__What you have to do__
Set down exactly, from the records below, the line with "Marvel Comics Avengers" through the line with "Drop & Dangle Earrings", and nothing else.
━━ Data supplied ━━
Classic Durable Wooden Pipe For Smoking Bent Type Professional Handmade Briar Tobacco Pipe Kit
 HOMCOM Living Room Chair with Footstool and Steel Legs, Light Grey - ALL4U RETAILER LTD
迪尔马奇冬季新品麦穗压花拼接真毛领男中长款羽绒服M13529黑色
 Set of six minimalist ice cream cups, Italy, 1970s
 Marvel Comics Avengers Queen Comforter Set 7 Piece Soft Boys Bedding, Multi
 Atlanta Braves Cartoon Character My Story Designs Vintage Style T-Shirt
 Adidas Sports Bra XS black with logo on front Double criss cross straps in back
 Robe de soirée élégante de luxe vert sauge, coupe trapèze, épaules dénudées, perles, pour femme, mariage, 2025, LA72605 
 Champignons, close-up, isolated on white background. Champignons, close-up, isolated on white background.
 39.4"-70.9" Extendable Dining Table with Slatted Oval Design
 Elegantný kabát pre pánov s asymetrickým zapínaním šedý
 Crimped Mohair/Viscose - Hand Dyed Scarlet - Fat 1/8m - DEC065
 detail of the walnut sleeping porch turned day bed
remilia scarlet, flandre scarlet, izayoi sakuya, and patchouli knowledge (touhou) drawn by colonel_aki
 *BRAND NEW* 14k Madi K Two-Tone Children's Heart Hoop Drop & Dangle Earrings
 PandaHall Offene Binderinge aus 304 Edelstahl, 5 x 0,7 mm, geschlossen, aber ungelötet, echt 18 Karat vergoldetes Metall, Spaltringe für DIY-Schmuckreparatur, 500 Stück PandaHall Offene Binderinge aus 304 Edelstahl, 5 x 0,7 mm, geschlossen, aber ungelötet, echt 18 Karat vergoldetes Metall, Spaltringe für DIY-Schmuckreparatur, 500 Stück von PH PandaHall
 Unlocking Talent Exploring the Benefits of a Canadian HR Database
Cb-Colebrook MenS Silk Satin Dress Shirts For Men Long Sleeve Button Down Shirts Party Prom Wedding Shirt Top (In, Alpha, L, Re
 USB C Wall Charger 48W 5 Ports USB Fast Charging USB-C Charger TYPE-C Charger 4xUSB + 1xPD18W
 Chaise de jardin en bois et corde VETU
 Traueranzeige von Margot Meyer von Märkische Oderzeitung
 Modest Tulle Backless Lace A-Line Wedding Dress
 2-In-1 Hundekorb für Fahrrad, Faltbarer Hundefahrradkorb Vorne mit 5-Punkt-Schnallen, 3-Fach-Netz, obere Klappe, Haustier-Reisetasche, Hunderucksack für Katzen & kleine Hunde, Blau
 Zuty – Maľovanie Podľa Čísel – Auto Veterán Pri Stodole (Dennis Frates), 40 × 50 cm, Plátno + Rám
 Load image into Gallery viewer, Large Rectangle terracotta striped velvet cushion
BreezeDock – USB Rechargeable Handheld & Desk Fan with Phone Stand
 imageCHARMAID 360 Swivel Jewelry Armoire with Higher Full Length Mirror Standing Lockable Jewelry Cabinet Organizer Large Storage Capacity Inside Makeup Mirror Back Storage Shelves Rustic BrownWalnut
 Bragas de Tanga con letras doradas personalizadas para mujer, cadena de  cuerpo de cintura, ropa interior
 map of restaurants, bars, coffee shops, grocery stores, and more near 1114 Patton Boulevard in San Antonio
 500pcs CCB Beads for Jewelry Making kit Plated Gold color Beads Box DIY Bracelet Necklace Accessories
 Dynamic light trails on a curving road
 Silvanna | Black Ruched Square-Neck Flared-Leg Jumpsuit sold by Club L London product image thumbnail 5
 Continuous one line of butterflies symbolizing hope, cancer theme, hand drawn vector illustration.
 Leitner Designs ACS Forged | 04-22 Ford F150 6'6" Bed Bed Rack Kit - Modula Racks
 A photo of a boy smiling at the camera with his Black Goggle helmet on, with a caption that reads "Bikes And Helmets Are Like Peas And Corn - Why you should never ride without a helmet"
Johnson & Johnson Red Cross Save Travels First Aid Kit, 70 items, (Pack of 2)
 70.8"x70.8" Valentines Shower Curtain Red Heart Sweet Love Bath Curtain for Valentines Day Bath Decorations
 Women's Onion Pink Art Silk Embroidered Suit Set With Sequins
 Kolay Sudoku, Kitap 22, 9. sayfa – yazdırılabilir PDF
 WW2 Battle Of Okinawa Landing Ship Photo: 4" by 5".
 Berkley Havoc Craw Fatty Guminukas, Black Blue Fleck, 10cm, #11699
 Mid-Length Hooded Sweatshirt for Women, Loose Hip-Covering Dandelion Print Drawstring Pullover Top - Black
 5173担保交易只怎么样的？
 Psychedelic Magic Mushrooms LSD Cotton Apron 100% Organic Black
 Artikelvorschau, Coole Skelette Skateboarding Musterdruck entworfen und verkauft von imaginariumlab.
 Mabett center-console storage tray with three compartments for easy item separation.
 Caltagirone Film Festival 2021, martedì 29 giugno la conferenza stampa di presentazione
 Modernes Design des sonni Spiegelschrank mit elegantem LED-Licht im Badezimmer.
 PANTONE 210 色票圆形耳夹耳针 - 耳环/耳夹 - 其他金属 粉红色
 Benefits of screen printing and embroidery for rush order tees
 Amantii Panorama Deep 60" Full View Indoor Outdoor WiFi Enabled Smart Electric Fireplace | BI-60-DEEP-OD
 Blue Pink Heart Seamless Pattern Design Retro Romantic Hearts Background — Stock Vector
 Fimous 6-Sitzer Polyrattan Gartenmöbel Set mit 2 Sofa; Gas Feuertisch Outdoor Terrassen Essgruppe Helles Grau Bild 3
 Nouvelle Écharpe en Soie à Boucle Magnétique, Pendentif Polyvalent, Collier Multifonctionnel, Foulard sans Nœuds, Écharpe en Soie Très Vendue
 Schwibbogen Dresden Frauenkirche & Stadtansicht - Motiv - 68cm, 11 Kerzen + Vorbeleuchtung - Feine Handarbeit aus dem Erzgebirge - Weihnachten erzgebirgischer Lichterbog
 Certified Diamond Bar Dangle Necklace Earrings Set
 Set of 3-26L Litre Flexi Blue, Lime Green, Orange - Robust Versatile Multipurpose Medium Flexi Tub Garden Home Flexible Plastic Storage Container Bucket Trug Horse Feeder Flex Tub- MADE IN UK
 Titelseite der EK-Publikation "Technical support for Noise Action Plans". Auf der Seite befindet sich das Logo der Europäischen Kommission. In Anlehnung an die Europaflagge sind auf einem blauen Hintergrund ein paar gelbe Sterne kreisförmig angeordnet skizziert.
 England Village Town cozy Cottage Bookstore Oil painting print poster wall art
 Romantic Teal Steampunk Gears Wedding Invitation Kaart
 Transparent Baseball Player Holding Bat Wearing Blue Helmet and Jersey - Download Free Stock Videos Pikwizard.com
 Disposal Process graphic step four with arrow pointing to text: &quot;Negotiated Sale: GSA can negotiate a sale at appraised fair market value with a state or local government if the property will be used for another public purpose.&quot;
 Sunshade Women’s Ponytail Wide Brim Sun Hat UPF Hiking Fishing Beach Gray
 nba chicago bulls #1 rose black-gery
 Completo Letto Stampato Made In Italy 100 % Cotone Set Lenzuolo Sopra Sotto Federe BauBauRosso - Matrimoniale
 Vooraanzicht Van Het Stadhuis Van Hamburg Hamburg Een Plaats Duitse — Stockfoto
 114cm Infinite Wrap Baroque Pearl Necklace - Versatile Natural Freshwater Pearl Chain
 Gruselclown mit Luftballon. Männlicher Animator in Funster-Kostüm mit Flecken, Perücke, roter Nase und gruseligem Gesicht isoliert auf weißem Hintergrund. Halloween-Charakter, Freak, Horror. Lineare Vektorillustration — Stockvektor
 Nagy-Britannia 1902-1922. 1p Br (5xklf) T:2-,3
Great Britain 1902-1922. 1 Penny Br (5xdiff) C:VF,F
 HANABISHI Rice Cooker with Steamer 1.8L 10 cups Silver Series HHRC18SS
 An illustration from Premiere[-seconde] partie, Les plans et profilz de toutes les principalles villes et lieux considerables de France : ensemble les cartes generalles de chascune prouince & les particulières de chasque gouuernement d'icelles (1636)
━━━
__Solution__
 Marvel Comics Avengers Queen Comforter Set 7 Piece Soft Boys Bedding, Multi
 Atlanta Braves Cartoon Character My Story Designs Vintage Style T-Shirt
 Adidas Sports Bra XS black with logo on front Double criss cross straps in back
 Robe de soirée élégante de luxe vert sauge, coupe trapèze, épaules dénudées, perles, pour femme, mariage, 2025, LA72605 
 Champignons, close-up, isolated on white background. Champignons, close-up, isolated on white background.
 39.4"-70.9" Extendable Dining Table with Slatted Oval Design
 Elegantný kabát pre pánov s asymetrickým zapínaním šedý
 Crimped Mohair/Viscose - Hand Dyed Scarlet - Fat 1/8m - DEC065
 detail of the walnut sleeping porch turned day bed
remilia scarlet, flandre scarlet, izayoi sakuya, and patchouli knowledge (touhou) drawn by colonel_aki
 *BRAND NEW* 14k Madi K Two-Tone Children's Heart Hoop Drop & Dangle Earrings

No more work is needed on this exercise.